OPINIóN
Actualizado 29/09/2016

En esta vida que se nos escapa a bocanadas mientras trabajamos, cuidamos de nuestros hijos o atendemos mensajes más o menos cortos o elaborados, se hace necesario viajar en tren de vez en cuando, aunque no sea ya el carbón la fuente de energía de estas máquinas que surcan los paisajes, y pese a que lo hagan cada vez más rápido, demasiado, poniendo en valor la idea de destino y desestimando, por contra, la de trayecto o camino. En cualquier caso, aunque la ruta entre Madrid y Salamanca se haya acortado con las nuevas tecnologías de transporte, una hora y media da mucho de sí. Sobre todo si tus manos albergan un ejemplar de Sobre el deporte de Pier Paolo Pasolini.

El cineasta, poeta y pensador italiano, cuya época de esplendor debemos situar en los inicios de la segunda mitad de siglo XX, fue un gran hincha del Bolonia, equipo en cuya ciudad descubrió los placeres del fútbol jugando en su periferia como un incisivo extremo izquierdo (¿podía ser de otro modo?). Allí conoció la contradicción entre el deporte que se juega y al que se asiste. Del primero siempre tenía buenas palabras, extraídas con nostalgia de su espíritu eternamente infantil: Y en el corazón del suburbio, un partido de fútbol. Sin embargo, del segundo siempre supo que no era más que espectáculo. Y es más, le auguró un negro futuro: El deporte, como juego, no tiene un porvenir especial, seguirá siendo lo que siempre ha sido: una evasión fatal y estúpida en conjunto, aunque bastante humana.

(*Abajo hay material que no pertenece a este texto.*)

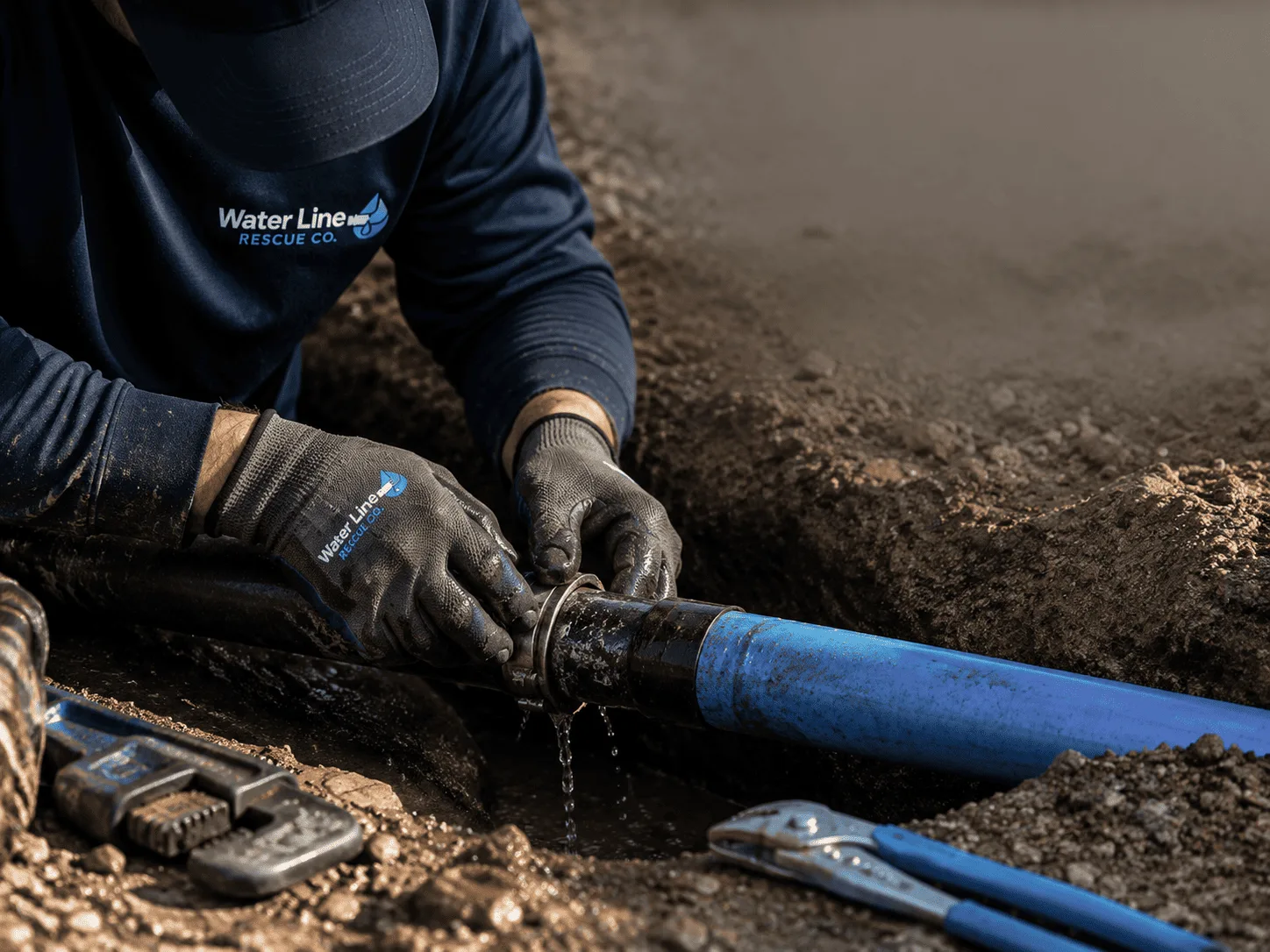 Why choose Water Line Repair in Tecumseh, KS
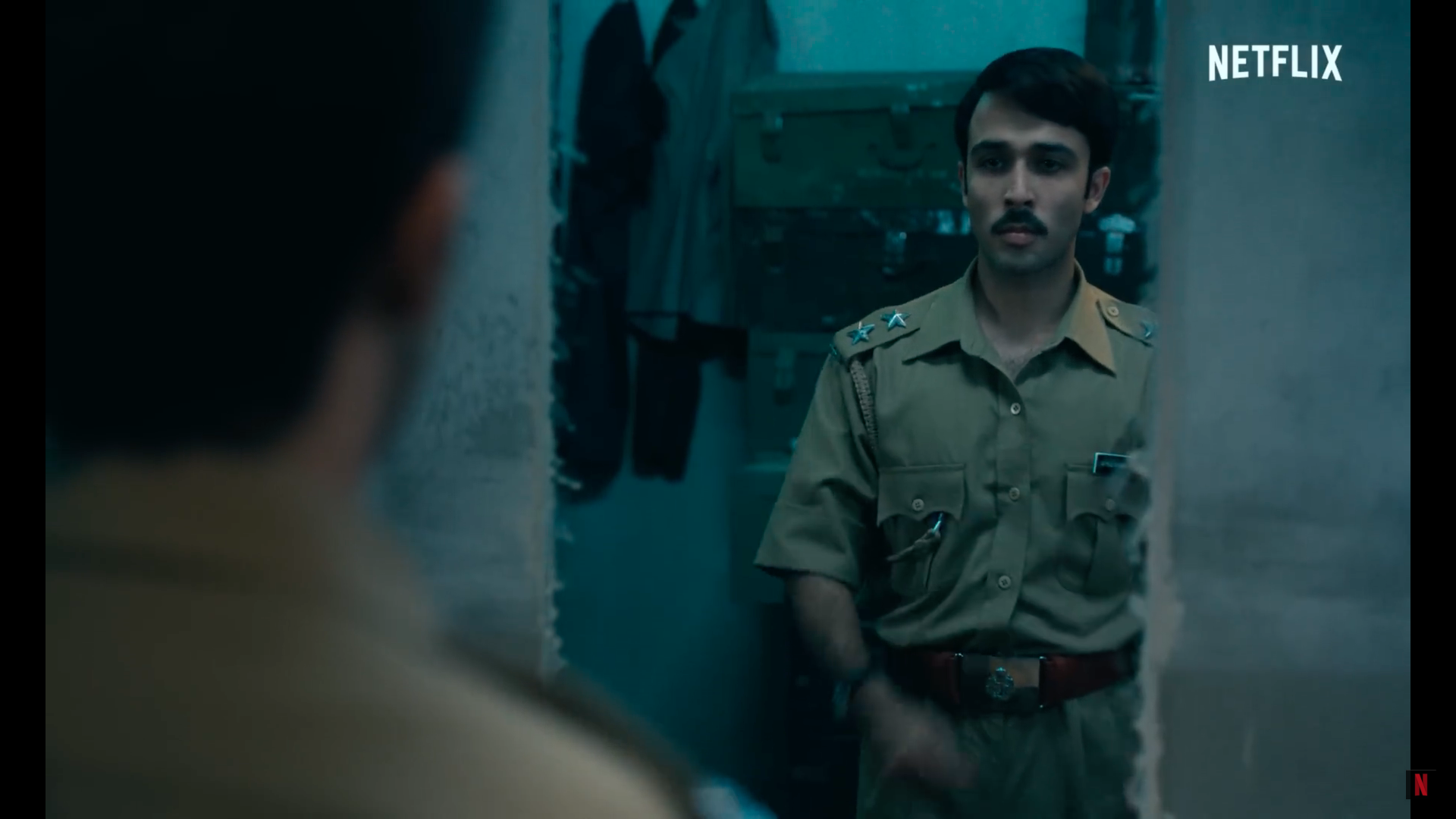 man in uniform mirror man in uniform mirror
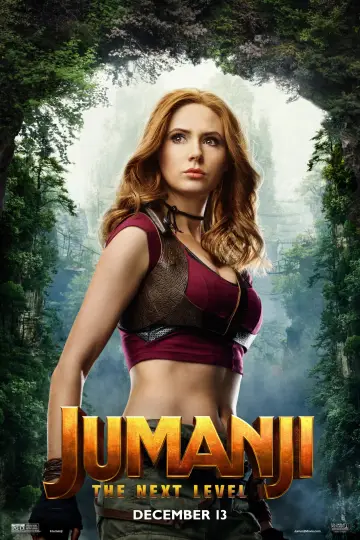 Plakat do filmu "Jumanji: Następny poziom" #35626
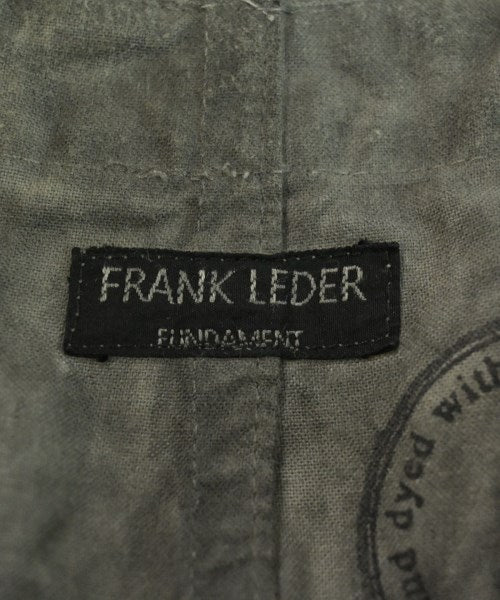 FRANK LEDER 休襯衫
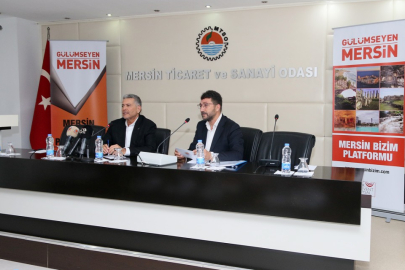 MERSİN BİZİM PLATFORMU TARAFINDAN ‘MERSİN SANAYİ VE TİCARET ÇALIŞTAYI’ GERÇEKLEŞTİRİLDİ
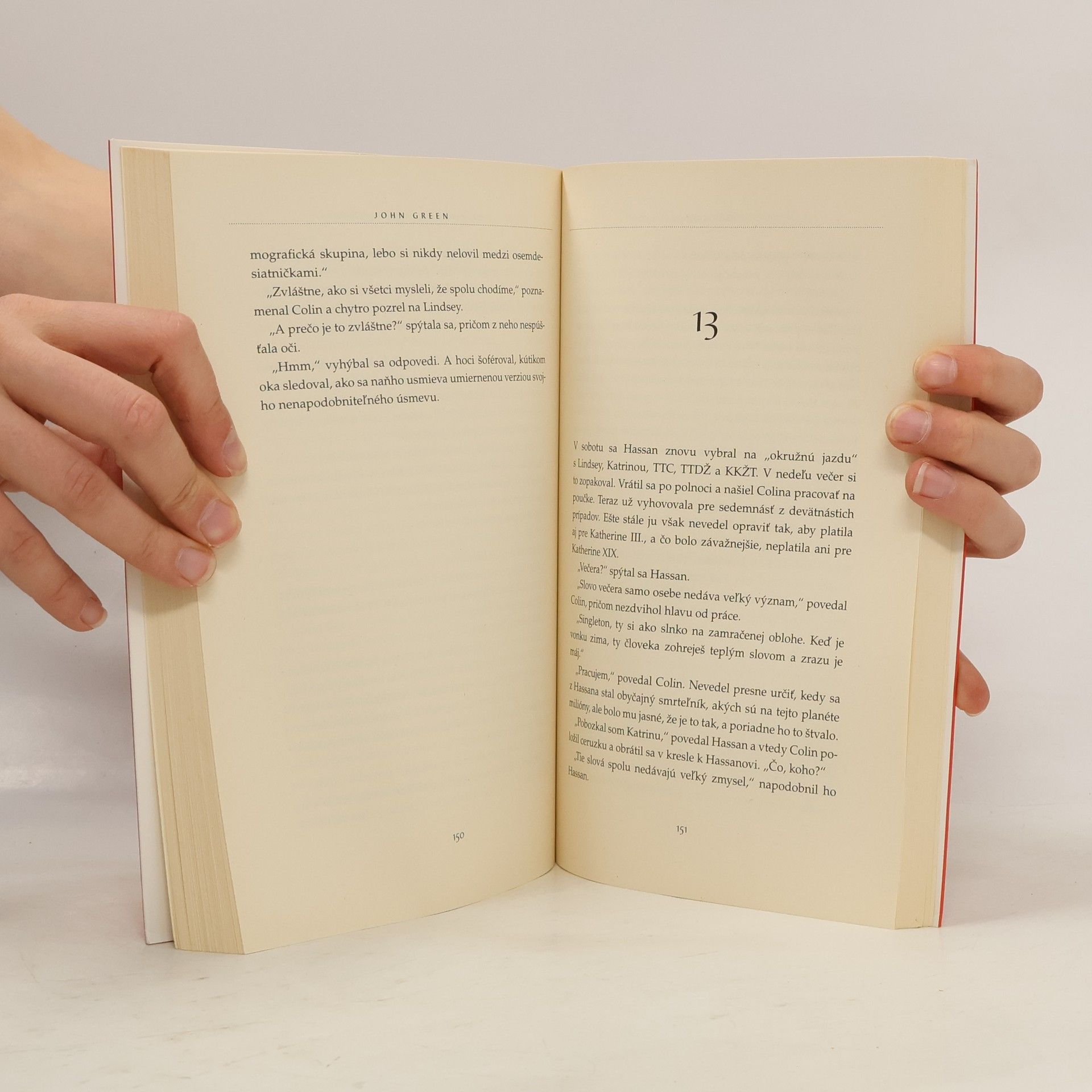 John Green Poučka o podstate predvídateľnosti Katherín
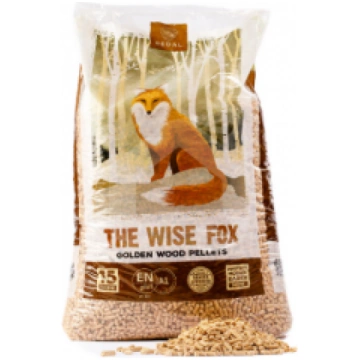Kokskaidu granulas The Wise Fox, 6 mm, 15 kg (priv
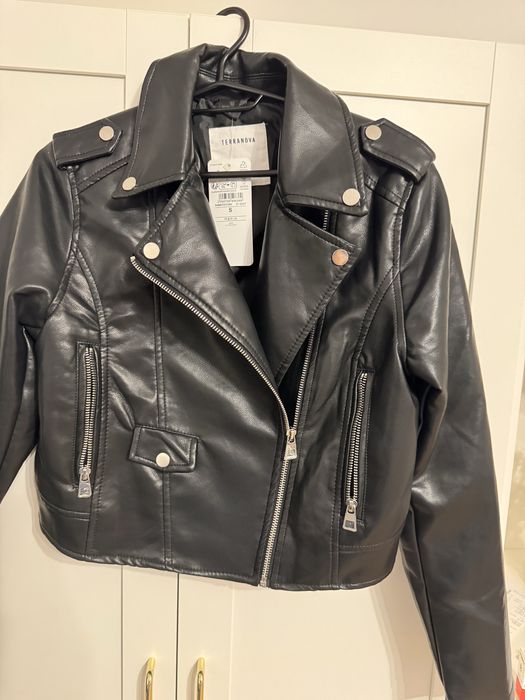 Geaca biker noua
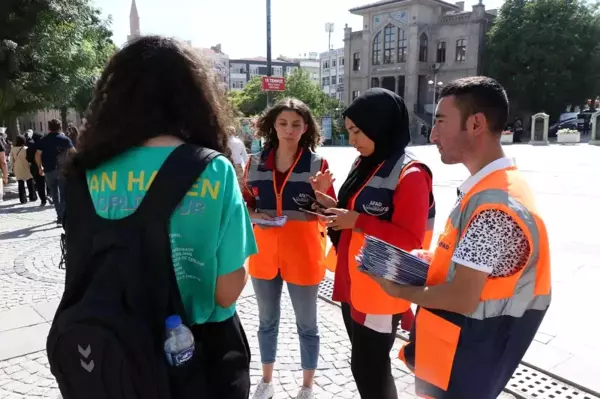 AFAD 17 Ağustos depreminin 23. yıl dönümünde vatandaşları bilinçlendirdi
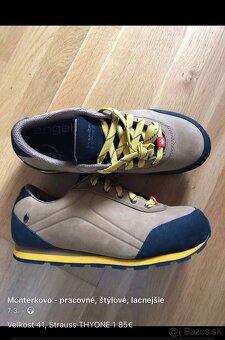 Veľkosť 41, MIX, kvalitné pracovné topánky, TOP - 17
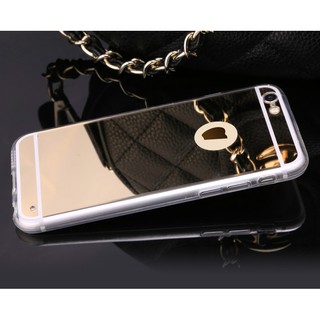Ốp lưng tráng gương silicon cho Iphone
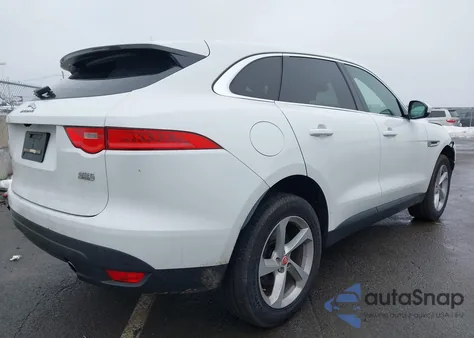 2019 Jaguar F-Pace 25T Premium z USA, uszkodzony, nr VIN SADCJ2FXXKA356449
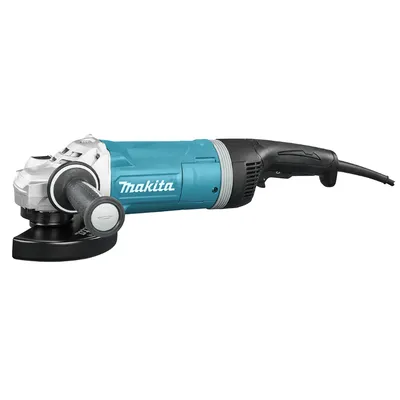 Електрически ъглошлайф Makita с плавен старт 2700 W, 230 мм, 6600 об./мин, GA9080X1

De igual manera, Pasolini habla del deporte como religión de nuestro pueblo. La misa ha dado paso al partidazo, verdadera reunión de fieles (e infieles) en nuestros días. Los estadios y, últimamente, los salones de las tabernas han sustituido a los santuarios y se han erigido en lugar de encuentro y rezo colectivo. Aunque separados por facciones, madridistas y culés alaban, puede que en distintos idiomas, a un mismo Dios idealizado, alejado de la realidad, poseedor de toda una serie de virtudes que pasan por ser solo una nueva ficción con la que mantener apaciguados los instintos de estos otrora cazadores-recolectores que ahora cultivan a diario su idiotez en trabajos que les permiten pagarse la caña, la tapa y el periódico.

Otra reflexión extraída de esta pequeña joya es la que se incluye en el artículo "la cara de Mercx", dedicado, obviamente, a las hazañas del ciclista belga. Bueno, a ridiculizar más bien las reacciones nacionalistas que desencadena el deporte, alimento de ficciones tan variopintas como dioses, ídolos o patrias. Somos consumidores de coches, de películas, de libros extranjeros (qué palabra tan cretina), ¿por qué no podemos entonces ser consumidores de triunfos ciclísticos extranjeros?

Lo dicho, una pequeña recomendación para esas tardes, raras, en las que no hay fútbol. O para ese viaje en tren a ninguna parte que nos devolverá, eso sí, si abordamos la lectura de este libro, a un lugar bien distinto y seguramente menos confortable.